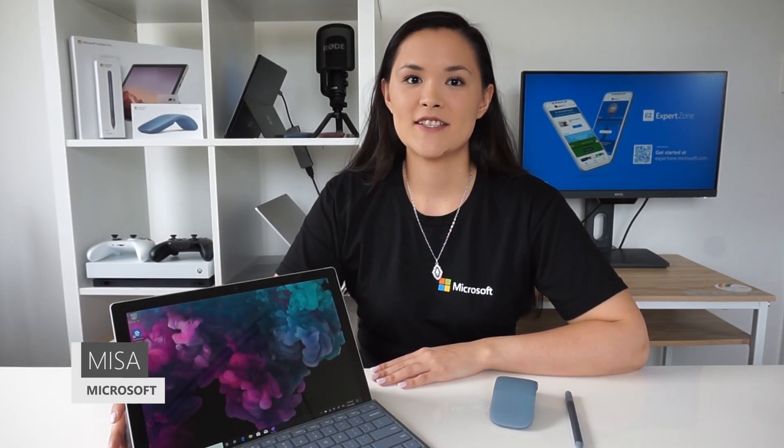Hey, it's Missa from the ANZ training team. In this video series, Lisa and I will be getting into why Surface, looking through the Surface family and finding out which Surface might be right for you or your customers. Today I'm getting into Surface Pro 7. Let's get into it.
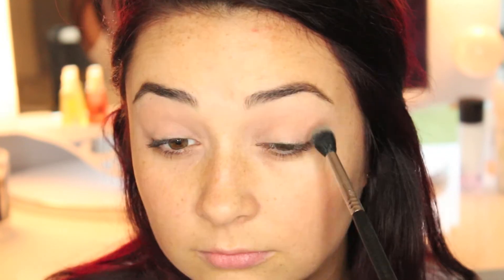Next I am using Makeup Geek Peach Smoothie, which is a beautiful transition shade. It's super similar to my skin tone and I am just getting that everywhere from inner corner to outer corner and basically from the lid to the brow bone. I am not being light-handed and I am not being precise in the slightest.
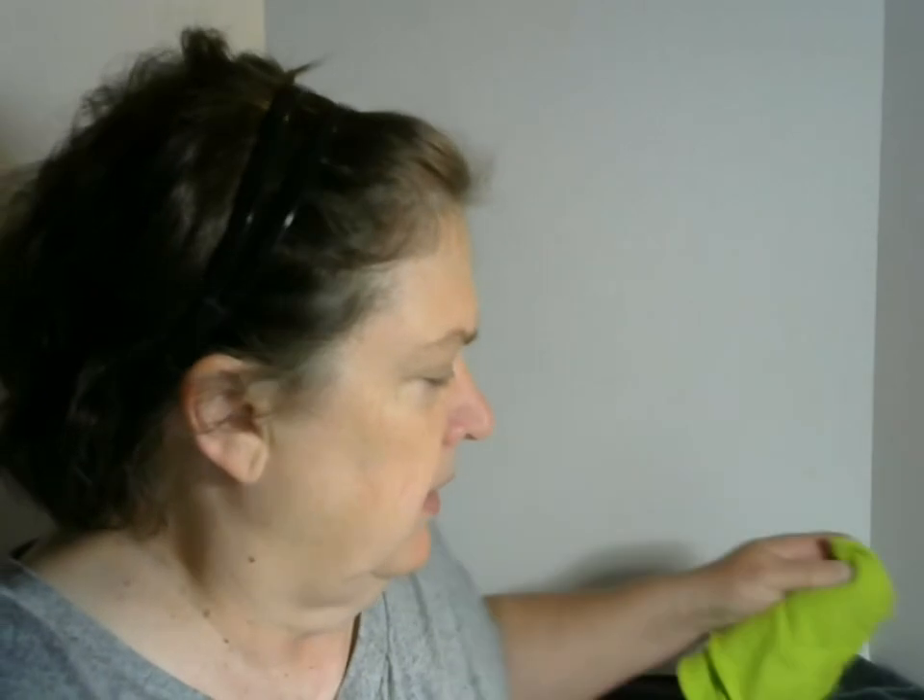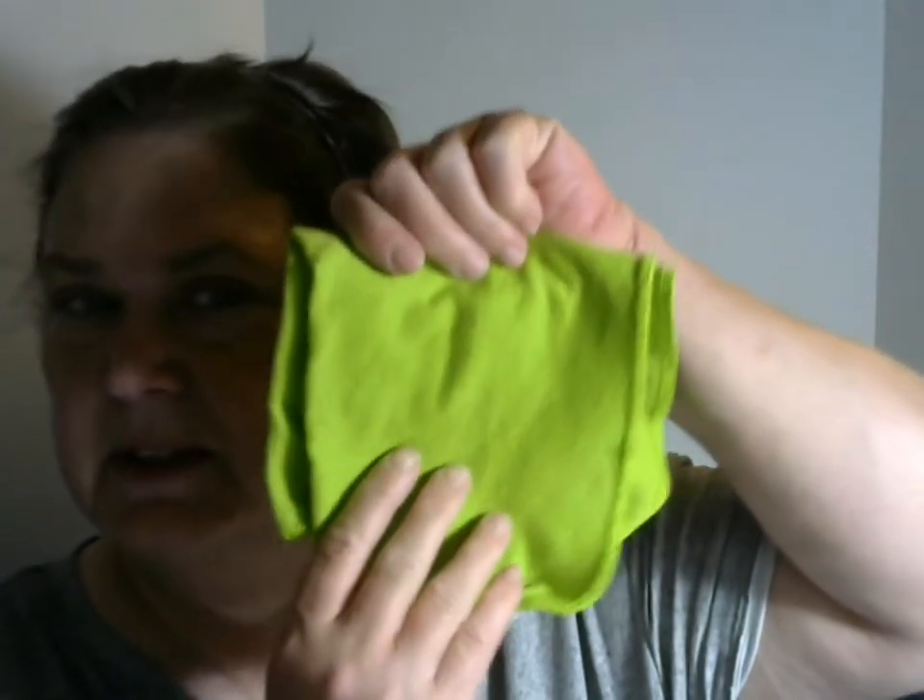In my efforts, I came across something at Walmart that I wanted to share with you. This is the lime green one. For all intents and purposes, they look and feel like t-shirt material. I was surprised that they would be so absorbent, and because they are lint-free, if you grab a paper towel to put your sandwich in at lunch, you could actually use this instead of a paper towel to wrap your sandwich in.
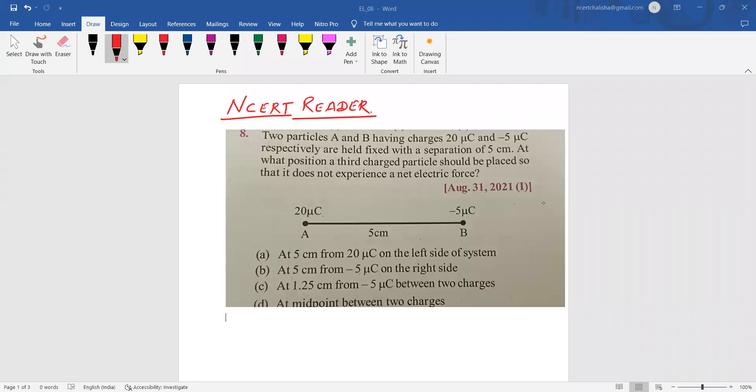Hello, welcome to NCERT Reader. The next question: two particles A and B having charges 20 microcoulombs and minus 5 microcoulombs respectively are held fixed with a separation of 5 centimeters. At what position should a third charged particle be placed so that it does not experience a net electric force? This question appeared in 2021, first morning session.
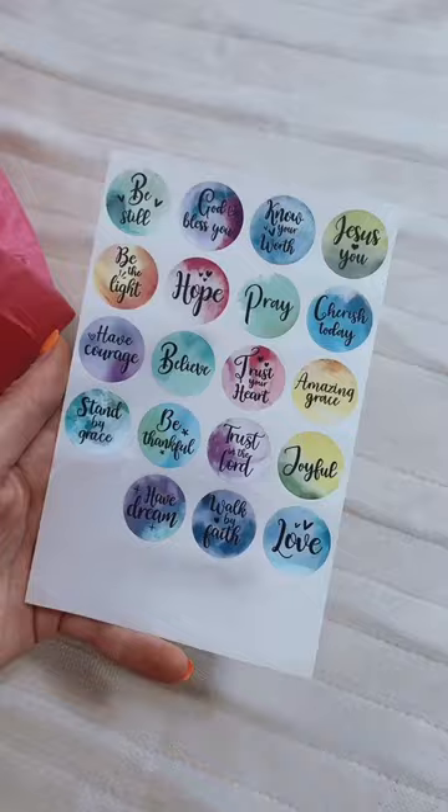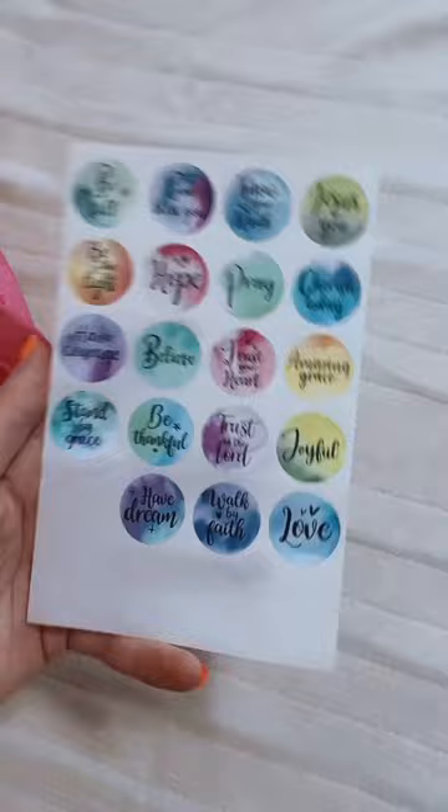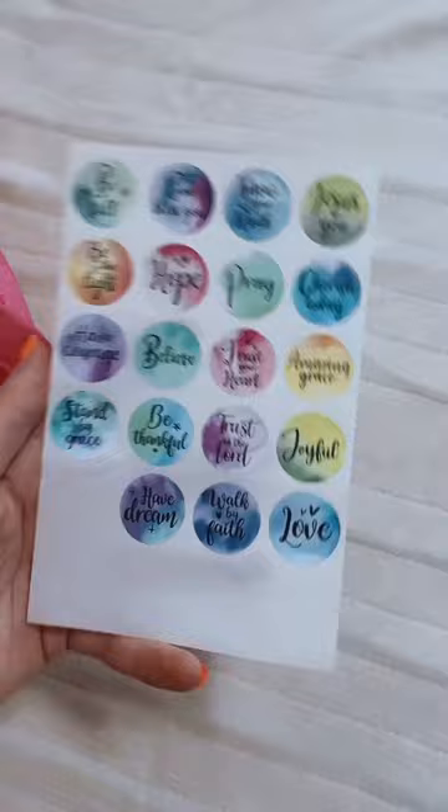I'm going to wrap it in this pretty pink paper that I got on Amazon, then stick it in this cute leopard print bag that I also got on Amazon. I folded it all cutesy and I'm gonna put one of these cute stickers that I also got on Amazon onto the package.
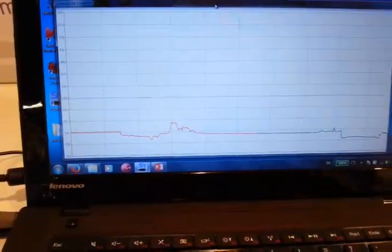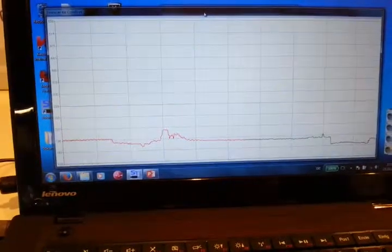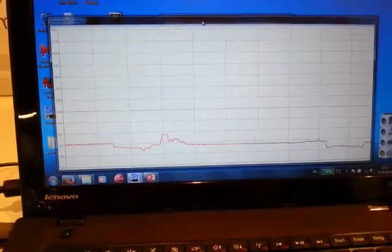And then what you're seeing here on the computer is a temperature profile of the thing that it's scanning.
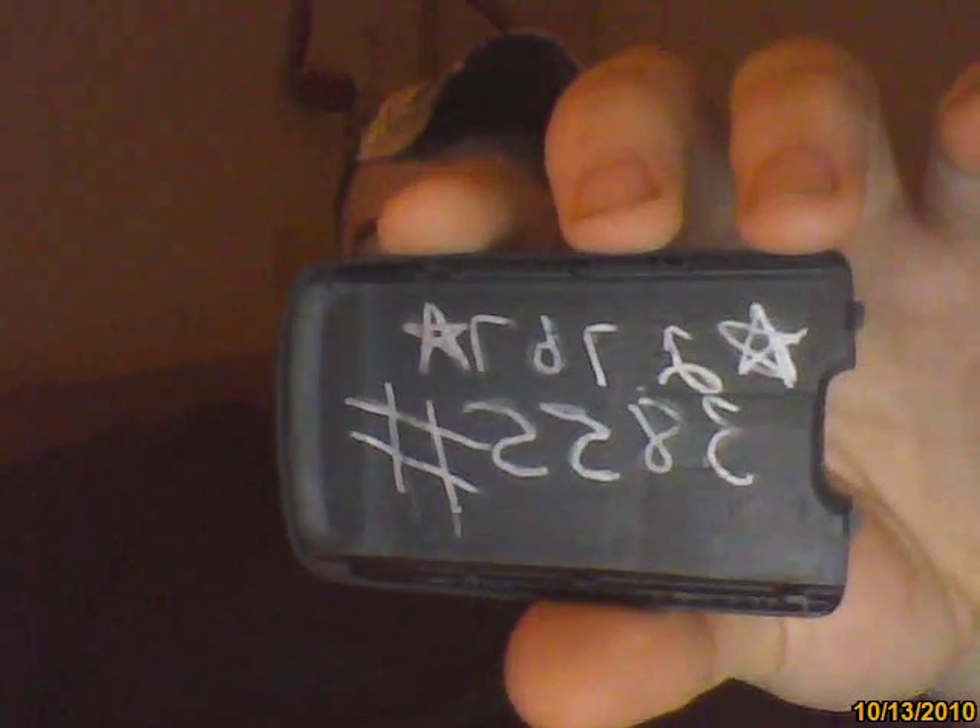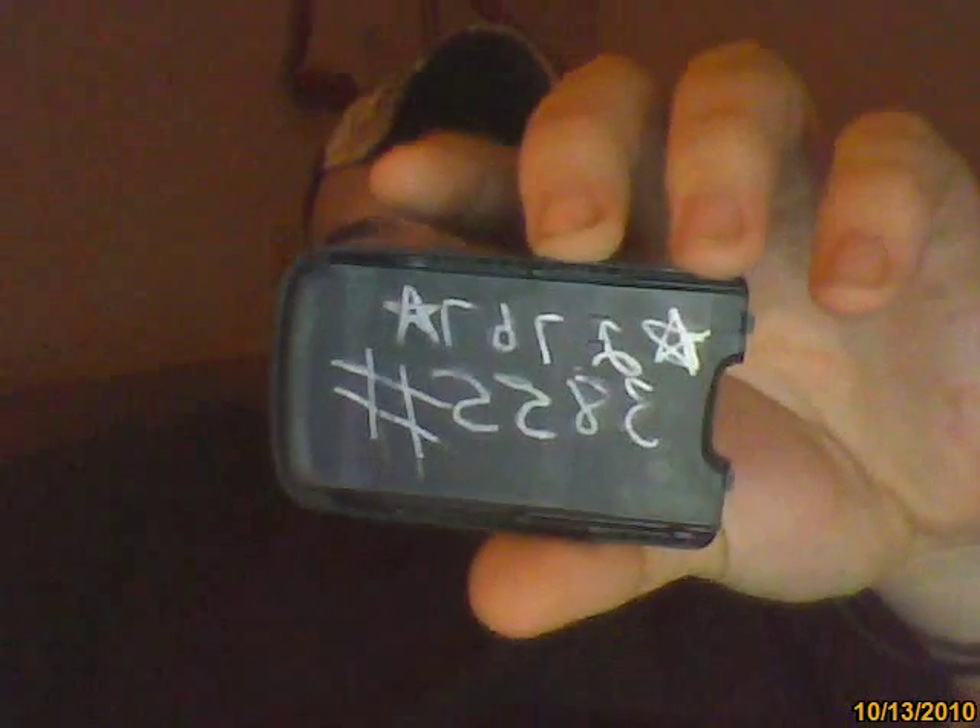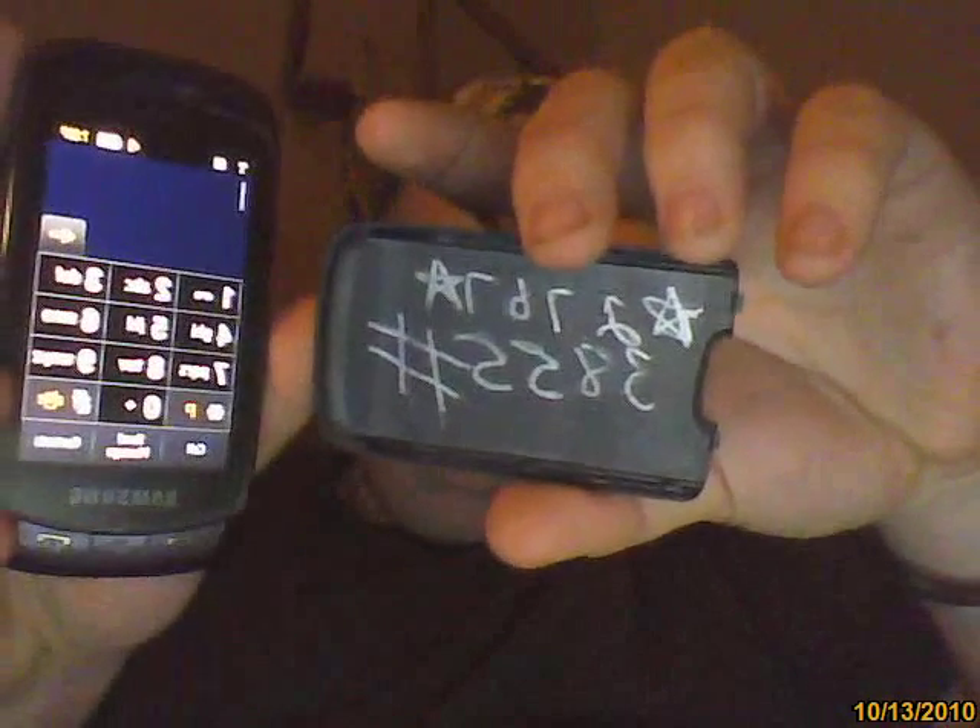Once you're done doing that, now to do a full reset, you're going to need this number and I'll show you. Star 2767, star 3855 pound. It's going to be kind of backwards because of the way the camera is. Go to your dial screen and type in star 2767, star 3855 pound.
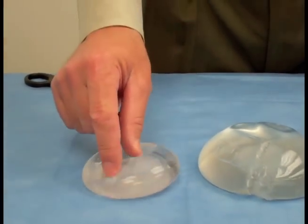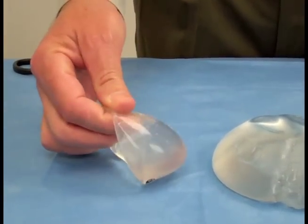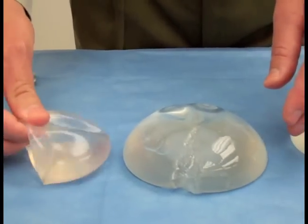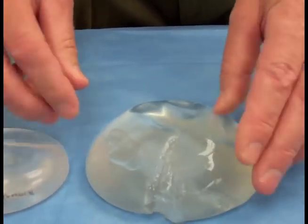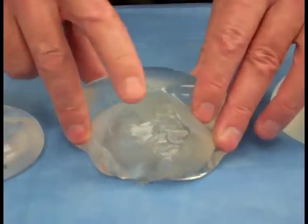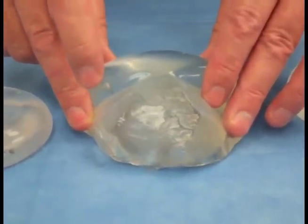This one here has saline fluid. They have similar shells on the outside — this is a silicone implant with a silicone shell, and this is a silicone shell on the outside of this implant as well. When you cut into the silicone implant, the silicone material inside is the same as on the outside, just polymerized a little bit differently.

::::

ABOUT THIS TASK
Apart from the images, every line above is to be given again exactly.

OUTPUT OF THE EXERCISE
Hey, it's Missa from the ANZ training team. In this video series, Lisa and I will be getting into why Surface, looking through the Surface family and finding out which Surface might be right for you or your customers. Today I'm getting into Surface Pro 7. Let's get into it.
Next I am using Makeup Geek Peach Smoothie, which is a beautiful transition shade. It's super similar to my skin tone and I am just getting that everywhere from inner corner to outer corner and basically from the lid to the brow bone. I am not being light-handed and I am not being precise in the slightest.
In my efforts, I came across something at Walmart that I wanted to share with you. This is the lime green one. For all intents and purposes, they look and feel like t-shirt material. I was surprised that they would be so absorbent, and because they are lint-free, if you grab a paper towel to put your sandwich in at lunch, you could actually use this instead of a paper towel to wrap your sandwich in.
Hello, welcome to NCERT Reader. The next question: two particles A and B having charges 20 microcoulombs and minus 5 microcoulombs respectively are held fixed with a separation of 5 centimeters. At what position should a third charged particle be placed so that it does not experience a net electric force? This question appeared in 2021, first morning session.
I'm going to wrap it in this pretty pink paper that I got on Amazon, then stick it in this cute leopard print bag that I also got on Amazon. I folded it all cutesy and I'm gonna put one of these cute stickers that I also got on Amazon onto the package.
And then what you're seeing here on the computer is a temperature profile of the thing that it's scanning.
Once you're done doing that, now to do a full reset, you're going to need this number and I'll show you. Star 2767, star 3855 pound. It's going to be kind of backwards because of the way the camera is. Go to your dial screen and type in star 2767, star 3855 pound.
This one here has saline fluid. They have similar shells on the outside — this is a silicone implant with a silicone shell, and this is a silicone shell on the outside of this implant as well. When you cut into the silicone implant, the silicone material inside is the same as on the outside, just polymerized a little bit differently.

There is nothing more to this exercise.